Starting with the line that contains "左前制动臂SQ3502140KG02[]", copy every remaining line of the data below exactly, the last one included.

[DATA Boundary: Start]

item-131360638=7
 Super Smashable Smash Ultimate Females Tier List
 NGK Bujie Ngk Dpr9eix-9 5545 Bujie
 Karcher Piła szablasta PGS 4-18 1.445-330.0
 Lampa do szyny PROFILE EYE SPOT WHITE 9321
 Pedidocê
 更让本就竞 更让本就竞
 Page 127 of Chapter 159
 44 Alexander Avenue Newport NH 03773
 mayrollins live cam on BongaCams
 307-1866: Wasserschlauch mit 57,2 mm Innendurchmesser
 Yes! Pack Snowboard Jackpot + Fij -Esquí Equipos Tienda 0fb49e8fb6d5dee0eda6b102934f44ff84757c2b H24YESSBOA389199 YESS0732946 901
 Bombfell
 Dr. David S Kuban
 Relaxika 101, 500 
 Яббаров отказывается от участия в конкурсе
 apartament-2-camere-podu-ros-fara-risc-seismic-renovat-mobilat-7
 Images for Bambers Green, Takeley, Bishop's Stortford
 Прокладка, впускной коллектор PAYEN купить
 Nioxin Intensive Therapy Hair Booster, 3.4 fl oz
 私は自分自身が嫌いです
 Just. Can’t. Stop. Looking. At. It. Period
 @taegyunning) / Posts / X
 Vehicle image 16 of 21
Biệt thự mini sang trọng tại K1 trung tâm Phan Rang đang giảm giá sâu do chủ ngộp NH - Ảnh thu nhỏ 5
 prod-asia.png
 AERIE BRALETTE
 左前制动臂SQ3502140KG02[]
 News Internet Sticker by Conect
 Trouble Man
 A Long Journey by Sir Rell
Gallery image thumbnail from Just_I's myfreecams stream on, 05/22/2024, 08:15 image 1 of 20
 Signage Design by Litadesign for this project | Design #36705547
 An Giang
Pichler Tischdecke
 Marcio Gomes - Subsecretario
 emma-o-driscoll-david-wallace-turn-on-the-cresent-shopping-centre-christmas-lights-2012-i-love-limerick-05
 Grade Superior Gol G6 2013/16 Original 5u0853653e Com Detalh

[DATA Boundary: End]

> EXPECTED ANSWER
 左前制动臂SQ3502140KG02[]
 News Internet Sticker by Conect
 Trouble Man
 A Long Journey by Sir Rell
Gallery image thumbnail from Just_I's myfreecams stream on, 05/22/2024, 08:15 image 1 of 20
 Signage Design by Litadesign for this project | Design #36705547
 An Giang
Pichler Tischdecke
 Marcio Gomes - Subsecretario
 emma-o-driscoll-david-wallace-turn-on-the-cresent-shopping-centre-christmas-lights-2012-i-love-limerick-05
 Grade Superior Gol G6 2013/16 Original 5u0853653e Com Detalh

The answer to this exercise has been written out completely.